Privilege against self-incrimination

Federal Court. Is the privilege against self-incrimination a fundamental common law right or merely a rule of evidence only available in court proceedings? Do the AAT Act or the Migration Act give merits review applicants the privilege against self-incrimination? Is AAT required to warn self-represented applicants about the invocation of the privilege? We summarise that and several other questions.

To avoid doubt, we are not expressing an opinion on whether or not the Appellant has engaged in criminal conduct, nor implying that any material suggests such conduct.

Some of the questions to the Federal Court (FCA) were as follows:

Question 1: Is the privilege against self-incrimination a fundamental common law right or merely a rule of evidence only available in court proceedings?

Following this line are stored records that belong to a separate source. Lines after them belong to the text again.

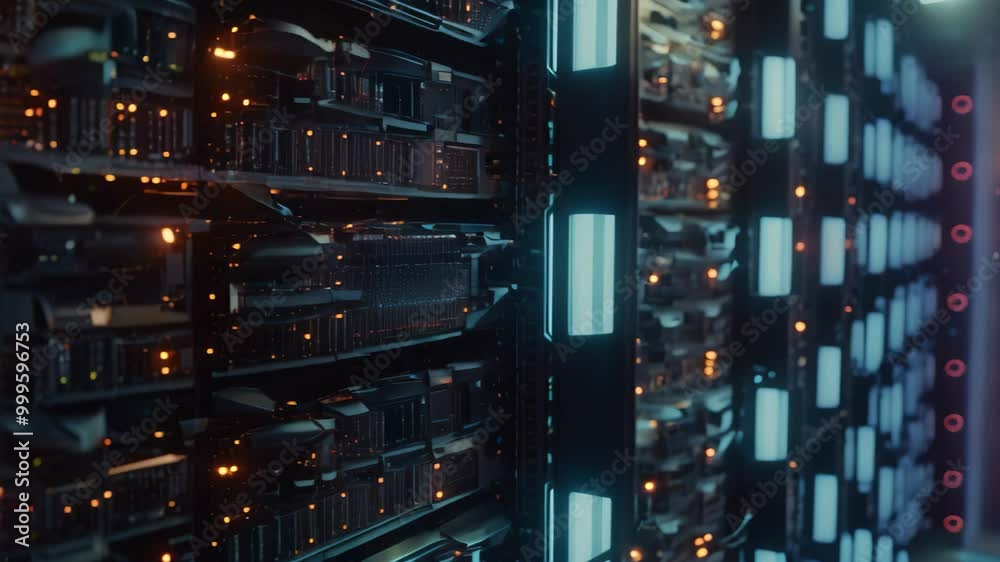 Poster a row of servers in a data center, a densely layered stack of futuristic servers in a data center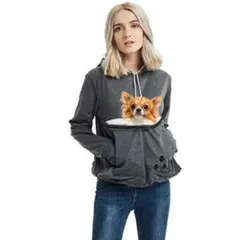 プルオーバー ポケット付きスウェットシャツ グレー XXL カンガルー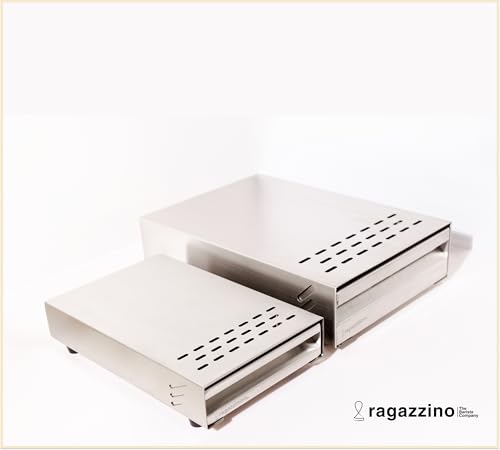 Foto von ragazzino Abklopfbehälter aus Edelstahl | Sudschublade für Espresso Siebträgermaschine | Abschlagkasten mit herausnehmbarer Abklopfstange | Knock Box 280x180x64mm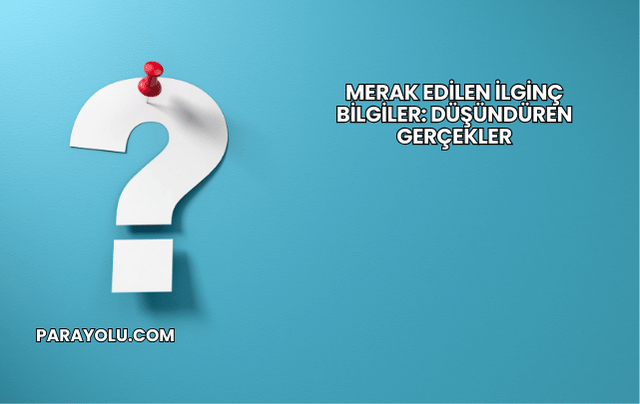 Merak Edilen İlginç Bilgiler: Düşündüren Gerçekler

Question 2: Regardless of the common law, do the Administrative Appeals Tribunal Act 1975 (Cth) or the Migration Act 1958 (Cth) give merits review applicants the privilege against self-incrimination?

Question 3: If the answer to Questions 1 or 2 is "yes", will the Tribunal deny procedural fairness to a self-represented merits review applicant if its questioning goes into areas about which that applicant could invoke the privilege against self-incrimination without warning that applicant?

Question 4: Is the privilege waived or lost by a merits review applicant volunteering the actus reus, but not the means rea, of an offence?

Question 5: In assessing the best interests of a child for the purpose of the exercise of the discretion under s 109 to cancel the visa of a parent of that child, does it matter whether the reason why that child is an Australian citizen stems from that parent allegedly having failed to comply with the obligation under s 105 to notify the Department of a change of circumstance that, if notified, could have resulted in the refusal to grant that parent a permanent visa?

Question 6: Is it logical to conclude that, as the father of an Australian child is in Australia on a temporary visa, the best interests of the child would not be adversely affected by cancellation of the mother's visa?

Question 7: Some court decisions deriving from Teoh stand for the proposition that: if a decision-maker intends to act inconsistently with art 3(1) of the Convention on the Rights of the Child, that decision-maker should give notice of that intention to the person affected by that decision; and that, if notice is not given, the decision-maker will amount to a denial to afford that person procedural fairness. Do those decisions apply to a decision whether or not to exercise the discretion to cancel a visa under s 109 of the Migration Act?

Question 8: Section 359(1) provides that "the Tribunal may get any information that it considers relevant. However, if the Tribunal gets such information, the Tribunal must have regard to that information in making the decision on the review". Is the Tribunal obliged under s 359(1) to have regard to any information given in response to that invitation?

Question 9: In Jabbour, in the context of a request under s 351 for the Minister to substitute for a decision of the Tribunal a decision that was more favourable to the applicant, Robertson J held that "departure from non-statutory Ministerial guidelines may give rise to action liable to be set aside on judicial review, for error of law, where at least a decision-maker, not bound to apply a policy, purports to apply it as a proper basis for disposing of the case in hand or misconstrues or misunderstands it, so that what is applied is not the policy but something else". Does that statement in Jabbour equally apply in the context of a departure from Ministerial guidelines concerning the best interests of a child when assessing how to exercise the discretion under s 109?

Question 10: If a decision-maker makes places some weight, in favour of a non-citizen, to a particular factor that forms part of a number of factors calling for a weighing exercise but the overall balancing exercise goes against the non-citizen and the decision-maker makes an error in attributing weight to that individual factor, can it be said the error is material and thus jurisdictional in that the decision-maker could have attributed more weight to that particular factor, thus tipping the balance in favour of the non-citizen?